Hoy eran doce. Se miraron y, sin decirse nada, empezaron a caminar hacia la clase. En ese trasiego de pasillos, cuando las palabras de unos y otros se enzarzaban y parecían multiplicarse entre paredes, alguien dijo:  - "Hoy somos todas chicas menos Berto". Sonrieron. Unas se dieron cuenta entonces de que, por casualidad, Berto era hoy el único varón. Otras lo habían advertido nada más llegar y sumarse al grupo. A Berto le sorprendió reconocerse como único hombre y, mucho más, reparar en ello a raíz del comentario. Llegaron a la clase y mientras entraban se quedó pensando por qué él no vio que era un chico entre once chicas. Eso lo mantuvo distraído de manera intermitente a lo largo de dos horas. La que señaló a Berto como único ejemplar de su género, las que se ya se habían dado cuenta y las que no, todas olvidaron el comentario y trabajaron concentradas durante toda la clase.
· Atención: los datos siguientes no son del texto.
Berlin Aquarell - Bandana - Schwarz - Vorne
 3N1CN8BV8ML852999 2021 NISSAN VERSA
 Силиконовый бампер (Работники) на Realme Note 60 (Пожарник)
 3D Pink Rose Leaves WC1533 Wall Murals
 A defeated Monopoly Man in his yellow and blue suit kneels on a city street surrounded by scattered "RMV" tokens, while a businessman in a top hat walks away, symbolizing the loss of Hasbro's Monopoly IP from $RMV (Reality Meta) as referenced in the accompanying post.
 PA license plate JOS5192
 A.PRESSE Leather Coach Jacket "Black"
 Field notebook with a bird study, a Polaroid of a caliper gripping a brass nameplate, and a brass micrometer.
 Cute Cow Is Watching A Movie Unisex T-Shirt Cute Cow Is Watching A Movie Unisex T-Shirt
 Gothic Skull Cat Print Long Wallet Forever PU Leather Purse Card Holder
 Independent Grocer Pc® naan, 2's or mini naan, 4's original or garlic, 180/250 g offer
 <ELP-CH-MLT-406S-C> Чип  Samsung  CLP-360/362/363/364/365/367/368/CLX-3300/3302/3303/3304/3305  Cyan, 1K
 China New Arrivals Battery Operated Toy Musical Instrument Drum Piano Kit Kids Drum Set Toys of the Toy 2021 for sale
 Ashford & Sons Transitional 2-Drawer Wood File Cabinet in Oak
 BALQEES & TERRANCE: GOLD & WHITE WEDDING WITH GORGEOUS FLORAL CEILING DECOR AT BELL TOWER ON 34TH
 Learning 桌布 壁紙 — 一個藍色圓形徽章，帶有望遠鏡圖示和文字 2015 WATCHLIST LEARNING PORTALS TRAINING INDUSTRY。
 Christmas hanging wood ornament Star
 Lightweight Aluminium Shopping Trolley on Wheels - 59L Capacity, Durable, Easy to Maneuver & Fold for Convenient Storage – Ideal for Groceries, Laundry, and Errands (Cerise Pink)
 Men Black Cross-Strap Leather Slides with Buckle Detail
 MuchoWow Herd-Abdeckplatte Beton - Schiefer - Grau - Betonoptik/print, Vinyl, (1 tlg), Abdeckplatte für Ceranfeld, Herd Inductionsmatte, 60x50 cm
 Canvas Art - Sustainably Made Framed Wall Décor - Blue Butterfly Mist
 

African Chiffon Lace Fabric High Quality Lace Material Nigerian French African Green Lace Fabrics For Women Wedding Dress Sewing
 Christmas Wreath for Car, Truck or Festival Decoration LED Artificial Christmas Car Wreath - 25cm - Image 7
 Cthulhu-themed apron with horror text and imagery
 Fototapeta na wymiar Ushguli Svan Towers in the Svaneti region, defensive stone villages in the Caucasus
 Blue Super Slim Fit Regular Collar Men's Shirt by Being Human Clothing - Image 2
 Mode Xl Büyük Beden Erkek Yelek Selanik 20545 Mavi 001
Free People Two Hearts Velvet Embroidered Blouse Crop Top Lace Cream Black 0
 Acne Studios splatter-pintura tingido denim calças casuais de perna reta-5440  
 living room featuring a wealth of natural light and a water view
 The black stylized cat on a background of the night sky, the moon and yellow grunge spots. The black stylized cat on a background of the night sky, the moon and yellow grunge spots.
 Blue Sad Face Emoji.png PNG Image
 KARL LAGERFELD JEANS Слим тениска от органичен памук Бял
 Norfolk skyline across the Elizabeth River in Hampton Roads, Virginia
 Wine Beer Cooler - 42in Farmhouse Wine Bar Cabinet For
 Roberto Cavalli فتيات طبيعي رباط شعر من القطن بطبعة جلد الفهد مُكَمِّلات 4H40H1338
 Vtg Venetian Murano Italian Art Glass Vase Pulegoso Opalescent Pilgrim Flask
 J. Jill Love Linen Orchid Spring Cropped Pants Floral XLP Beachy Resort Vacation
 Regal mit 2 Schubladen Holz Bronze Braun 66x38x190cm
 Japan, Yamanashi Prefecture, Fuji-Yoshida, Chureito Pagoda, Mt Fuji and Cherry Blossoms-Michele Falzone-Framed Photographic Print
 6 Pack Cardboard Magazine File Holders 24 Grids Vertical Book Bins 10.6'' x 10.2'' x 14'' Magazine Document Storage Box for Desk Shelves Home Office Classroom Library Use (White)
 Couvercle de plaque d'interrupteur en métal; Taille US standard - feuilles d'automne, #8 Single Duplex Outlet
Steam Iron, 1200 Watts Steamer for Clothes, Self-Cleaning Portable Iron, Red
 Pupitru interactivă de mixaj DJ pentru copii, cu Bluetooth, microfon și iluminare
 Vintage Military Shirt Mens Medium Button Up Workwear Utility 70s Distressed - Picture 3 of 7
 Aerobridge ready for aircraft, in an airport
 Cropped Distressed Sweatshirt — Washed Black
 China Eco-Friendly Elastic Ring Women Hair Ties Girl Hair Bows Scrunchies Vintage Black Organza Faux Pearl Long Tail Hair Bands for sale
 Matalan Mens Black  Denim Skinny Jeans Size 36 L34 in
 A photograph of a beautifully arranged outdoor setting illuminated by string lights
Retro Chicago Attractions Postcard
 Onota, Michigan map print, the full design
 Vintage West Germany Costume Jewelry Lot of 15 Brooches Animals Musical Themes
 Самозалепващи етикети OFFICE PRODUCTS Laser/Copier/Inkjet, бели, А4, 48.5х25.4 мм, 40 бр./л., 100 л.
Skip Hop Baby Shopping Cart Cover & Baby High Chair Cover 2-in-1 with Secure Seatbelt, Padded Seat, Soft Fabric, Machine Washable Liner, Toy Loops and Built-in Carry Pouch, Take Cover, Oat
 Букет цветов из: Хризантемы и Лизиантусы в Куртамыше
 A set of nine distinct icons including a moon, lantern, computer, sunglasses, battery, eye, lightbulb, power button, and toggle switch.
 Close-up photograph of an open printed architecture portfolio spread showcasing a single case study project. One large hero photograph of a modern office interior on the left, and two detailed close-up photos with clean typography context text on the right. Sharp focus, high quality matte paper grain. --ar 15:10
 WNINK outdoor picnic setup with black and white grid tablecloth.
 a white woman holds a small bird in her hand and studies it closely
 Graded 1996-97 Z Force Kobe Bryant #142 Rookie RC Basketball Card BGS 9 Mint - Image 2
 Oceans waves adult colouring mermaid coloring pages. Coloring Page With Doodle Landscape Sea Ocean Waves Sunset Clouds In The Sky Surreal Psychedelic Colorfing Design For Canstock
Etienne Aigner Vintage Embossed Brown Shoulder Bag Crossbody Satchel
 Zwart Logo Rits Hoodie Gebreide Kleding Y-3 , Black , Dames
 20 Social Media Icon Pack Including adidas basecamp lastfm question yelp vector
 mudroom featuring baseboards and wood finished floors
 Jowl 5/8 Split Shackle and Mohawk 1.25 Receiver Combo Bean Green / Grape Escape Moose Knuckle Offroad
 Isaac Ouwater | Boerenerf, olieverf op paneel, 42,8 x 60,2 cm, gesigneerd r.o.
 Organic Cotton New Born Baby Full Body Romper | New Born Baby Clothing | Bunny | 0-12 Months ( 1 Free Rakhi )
Terminaron y cada una de las once alumnas y Berto abandonaron el edificio y tomaron el camino de regreso a casa, unas en coche y otras (y Berto), andando. Hoy caminaba pensativo. Llegó a casa y entró en la cocina. Su madre freía algo al fuego, dos hermanos estaban sentados a la mesa. Su padre entró por la otra puerta y dejó la chaqueta sobre la silla. - "Mamá, eres la única mujer aquí". Sin saberlo, Berto había convocado una reunión urgente. Las miradas de tres hombres y una mujer confirmaron su asistencia.